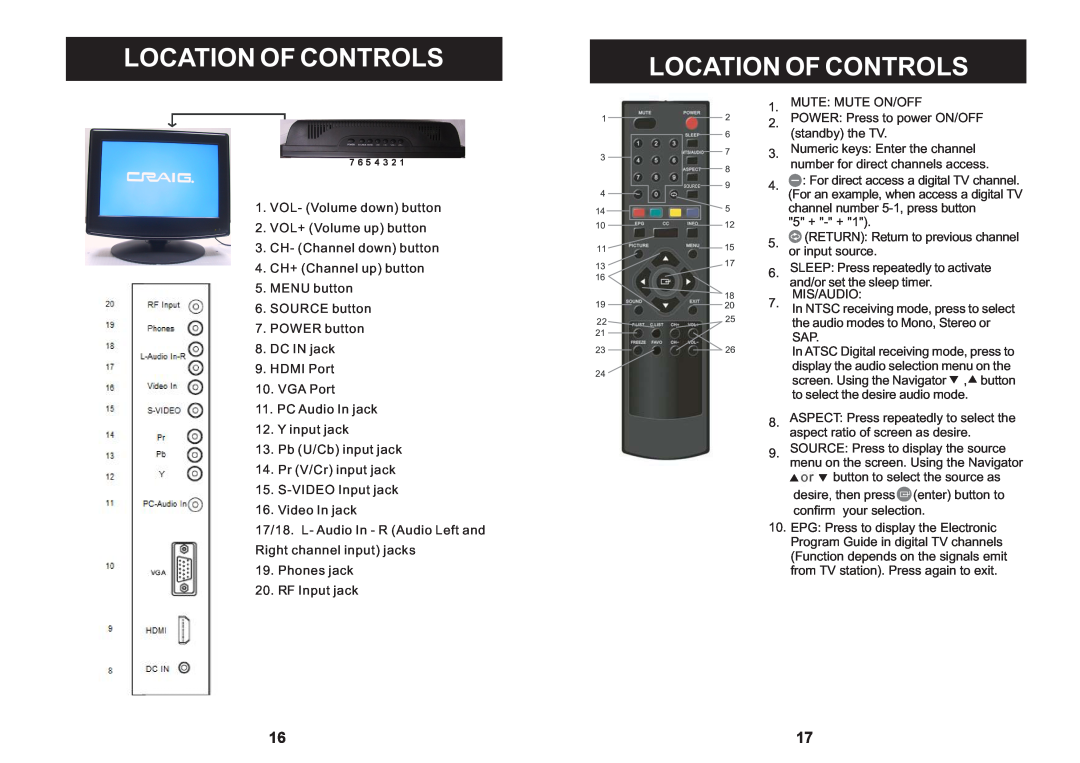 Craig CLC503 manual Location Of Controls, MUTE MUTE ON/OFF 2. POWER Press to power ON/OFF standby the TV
────────
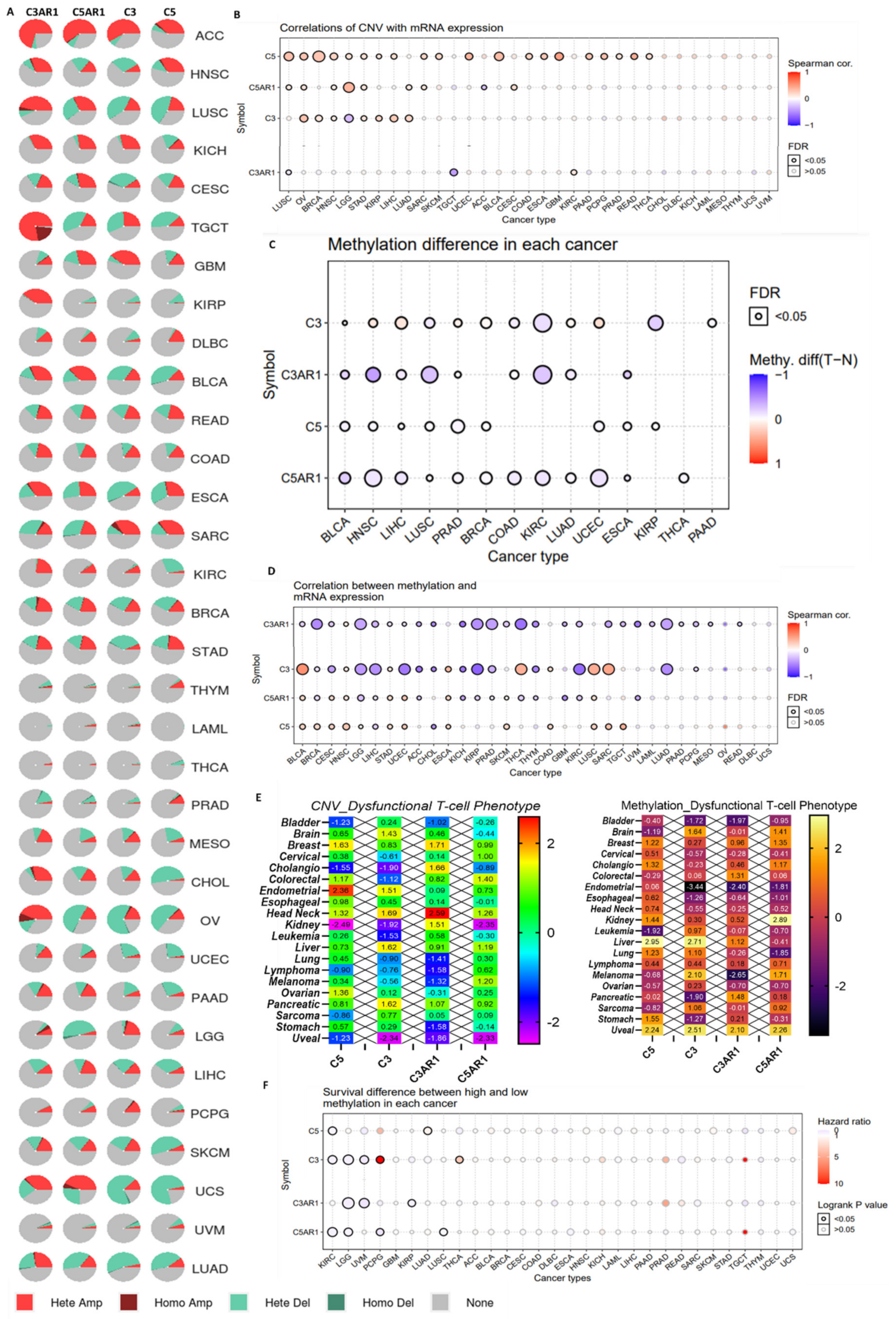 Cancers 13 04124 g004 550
────────
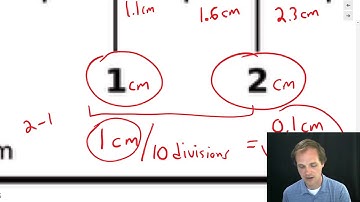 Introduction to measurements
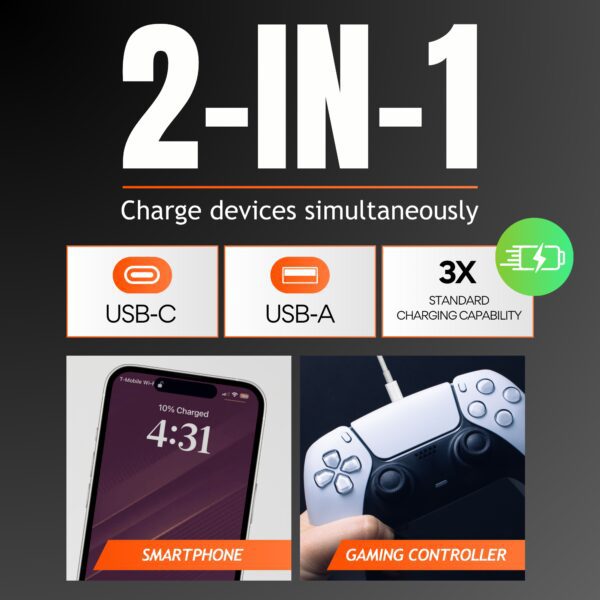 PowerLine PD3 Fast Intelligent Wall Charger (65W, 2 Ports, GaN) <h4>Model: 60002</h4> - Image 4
────────
* Brief
Reproduce the listing above from the line that holds "Introduction to measurements" through the line that holds "PowerLine PD3 Fast", both included, with the pictures left out.

* Answer to this exercise
 Introduction to measurements
 PowerLine PD3 Fast Intelligent Wall Charger (65W, 2 Ports, GaN) <h4>Model: 60002</h4> - Image 4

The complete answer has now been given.